Charlottesville Tribune
- Type: Weekly newspaper
- Editor: Fleming E. Alexander, T. J. Sellers
- Launched: 1950
- Ceased publication: 1951
- City: Charlottesville
- Country: United States
- OCLC number: 32252741

= The Charlottesville Tribune =

Newspaper in Virginia

The Charlottesville Tribune was a weekly newspaper in Charlottesville, Virginia, that began in 1950 and ran through at least 1951. It is distinct from the Charlottesville-Albemarle Tribune, a separate newspaper with different founders that began publication in 1954.

Written by and for members of Charlottesville's African American community, the Tribune covered local news and events; national news; and commentary, much relating to the status of Black Americans.

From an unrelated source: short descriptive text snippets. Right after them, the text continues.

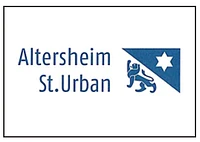 Logo Altersheim St. Urban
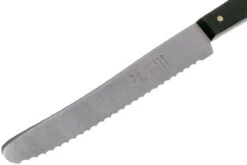 Robert Herder Cuchillo De Mesa Dentado, Acero Inoxidable, 2006-450-65 11 Robert Herder Cuchillo De Mesa Dentado, Acero Inoxidable, 2006-450-65 -Morakniv || SOG || Böker Ventas RH2006 450 65 03 robert herder rh2006 450 65 03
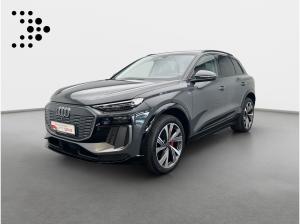 Audi Q6 e-tron performance S line *Luft*AUR-HUD*B&O*Matrix*360°*Privacy*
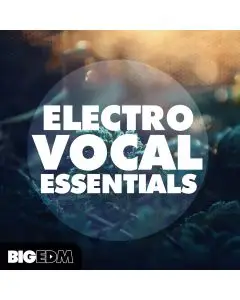 Electro Vocal Essential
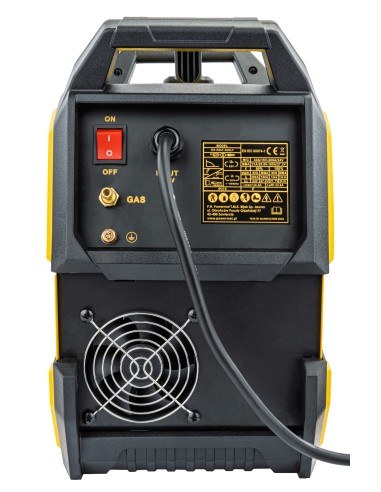 Aparat de sudura invertor PM-IMGT-200LP, Powermat, PM1346 Aparat de sudura invertor PM-IMGT-200LP, Powermat, PM1346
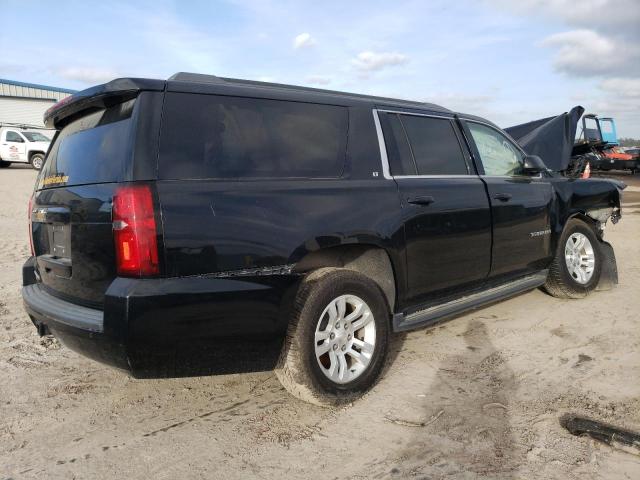 2018 CHEVROLET SUBURBAN C - 1GNSCHKC8JR376858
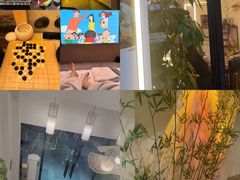 -肩颈管家·肩颈调理·经络养生(华景新城店)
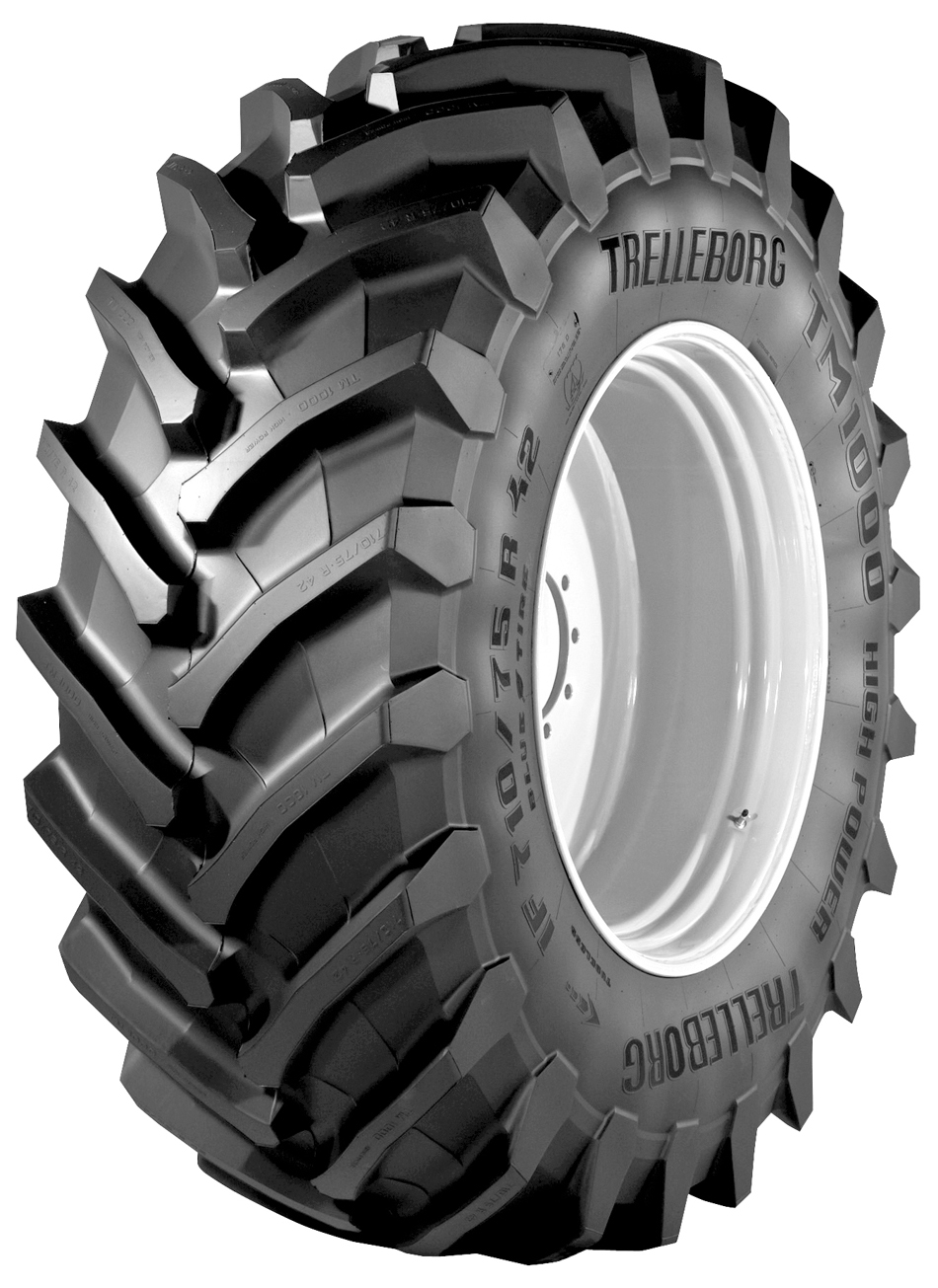 TRELLEBORG VF 710/75R42 TM1000 PT TL 184D/181E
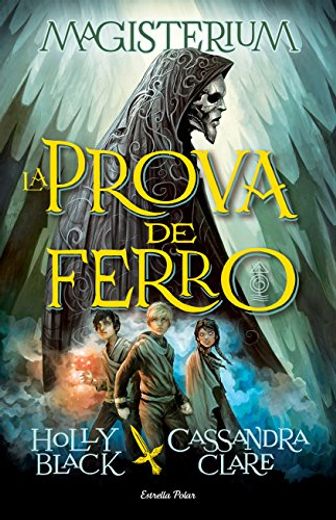 La Prova De Ferro (l' Illa Del Temps) (en Catalán)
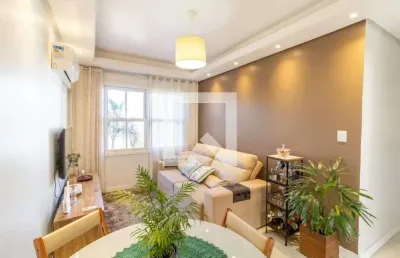 Apartamento para venda - jardim botânico, 2 quartos,  70 m² - porto alegre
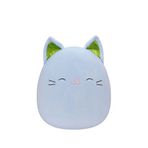 Squishmallows Jiovanne Kedi Peluş Oyuncak 40 Cm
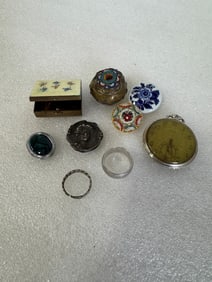 Excellent Dealer or Collector's Lot of Smalls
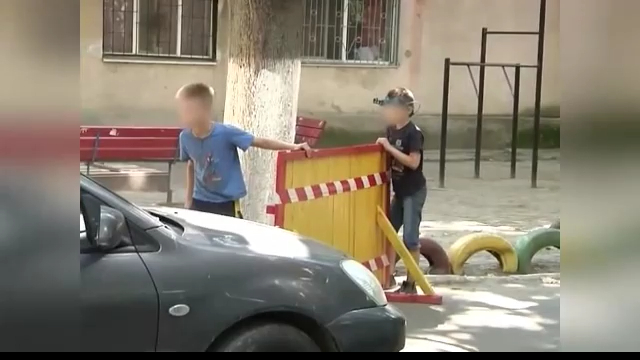 Одесские стартаперы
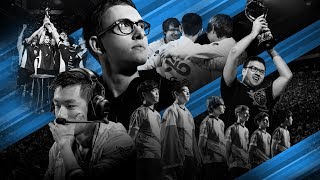 TSM vs C9 | Full Rivalry Highlights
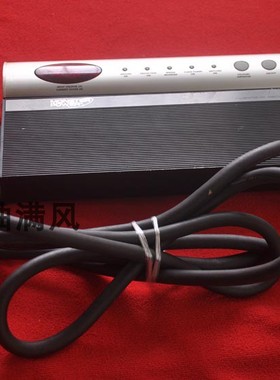 原装Monster魔声 Power HTFS1000音频视频净化器 电源滤波器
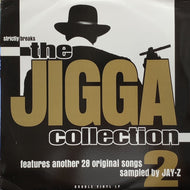 V.A. - J / The Jigga Collection 2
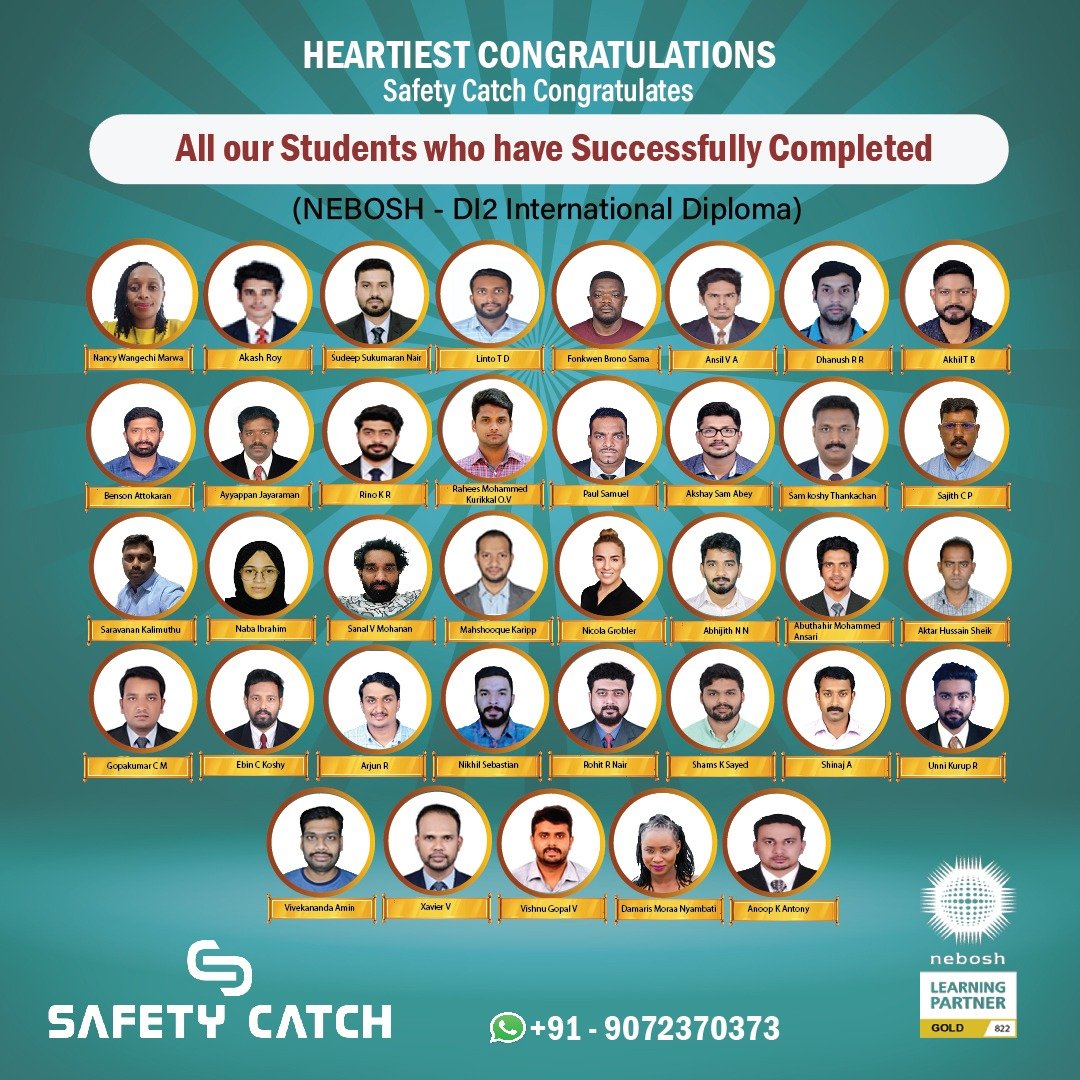 Safetycatch - Result4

It is notable for its editorials, often composed by T. J. Sellers, who was a prominent member of the community and a strong voice for integration and interracial collaboration in Charlottesville.

The paper was an offshoot of the Roanoke Tribune and was edited by F. E. Alexander, founder of the Roanoke Tribune, and Charlottesville-born journalist T. J. Sellers.

F. E. Alexander also composed editorials, and these are significant for the precision of arguments and evidence of his particular perspective of how realistic integration efforts are: in one published in January 1951 he noted "our people need a deeper sense of race pride and self respect. Above all they need a sane, sober, and deeper respect for womanhood, particularly the womanhood of our own race."

The broader significance of Sellers' and Alexanders' editorials has to do with their illumination of mid-20th century Charlottesville, a Southern city known for its at times troubled racial history, through the eyes of the African American intellectuals who lived there.